Conheça a trajetória de Paulo Tenório, primeiro editor on-line da América Latina e fundador da startups TraKto

Millena Gomes*
postado em 28/08/2022 06:00 / atualizado em 28/08/2022 06:00
 (crédito: Arquivo Pessoal )
(crédito: Arquivo Pessoal )

Primeiro editor on-line da América Latina, Paulo Tenório foi um dos únicos homens negros a fazer parte do Google Black Founders Fund, iniciativa de investimento do Google para startups com liderança negra. O fundador do Trakto lamenta que, em pleno século 21, a disputa por espaços de destaque entre pessoas negras ainda é limitada e cheia de obstáculos. Em entrevista à coluna, Tenório relata os dramas vividos durante sua trajetória, até chegar à liderança de uma empresa respeitada no mercado, pelo simples fato de ser negro. Hoje, sua empresa promove o acesso a plataformas de design, educação e investimentos. A última edição do Trakto Show, realizada na semana passada, foi um grande sucesso. O evento movimentou mais de R$ 35 milhões, reuniu 160 palestrantes e pelo menos 6 mil visitantes.
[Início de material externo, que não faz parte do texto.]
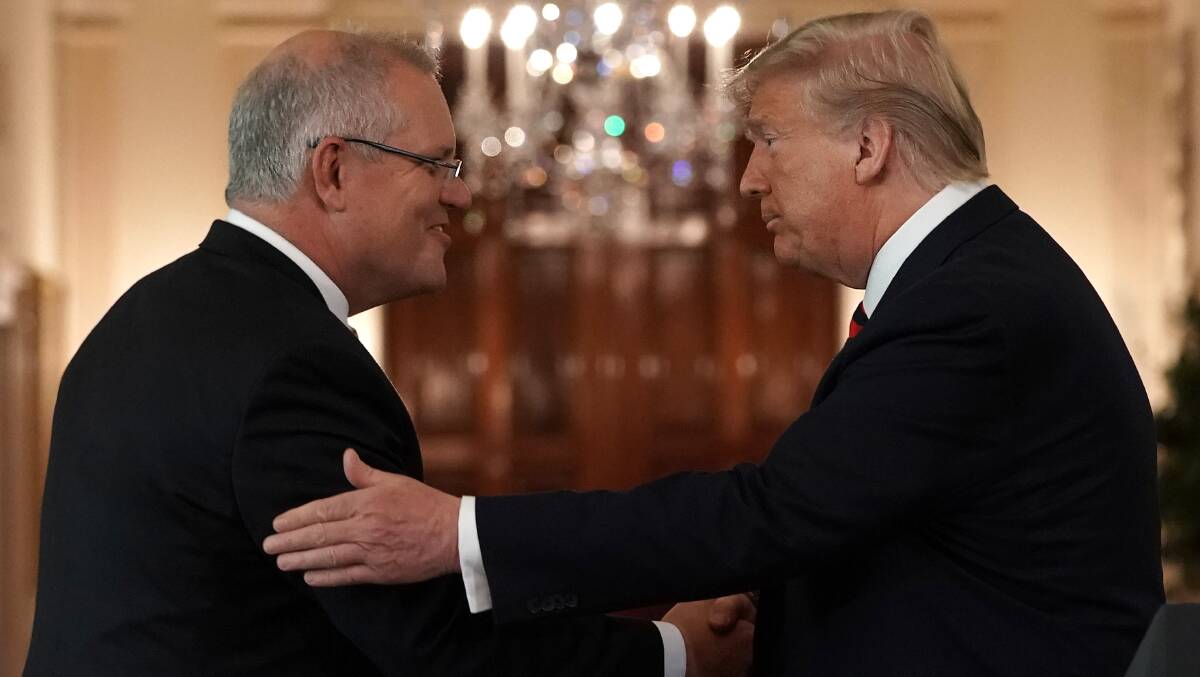Scott Morrison is dog-whistling from Donald Trump's Republican playbook with his completely unnecessary voter ID bill. Picture: Getty Images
Começando a vida empresarial e ainda na faculdade você foi acusado de desvio de verba e furto pela própria turma. Esses episódios marcaram a sua vida?

Eu estudava administração de empresas na época e minha família estava passando por dificuldade financeira. Pedi, então, para trabalhar na faculdade na área de limpeza, em qualquer lugar que me ajudasse a pagar a faculdade. Como eu levava jeito pra computador, uma professora de inglês da época conseguiu me colocar na área de informática e eu fiquei cuidando de todos os computadores da faculdade. Ganhava R$ 150 por mês, trabalhava os dois horários e estudava à noite. Aí teve um episódio que foi bem marcante: começaram a sumir umas peças de computador na faculdade, e todo mundo tinha certeza que era eu. Havia apenas duas pessoas negras na sala. E aí ficou aquela desconfiança durante um tempo, até que uma pessoa cortou o dedo e o pessoal ficava pedindo para ver as minhas mãos, até que chegou um dia que eles iam me expulsar da faculdade, mesmo sem eu ter feito nada. Aí foi quando a noiva do responsável, um branco, loiro de olho azul, chegou com uma sacola de peças roubadas. Minha bolsa foi revistada e isso foi o ponto que me fez largar a faculdade de administração no último ano, porque eu perdi a vontade inteira de estar lá.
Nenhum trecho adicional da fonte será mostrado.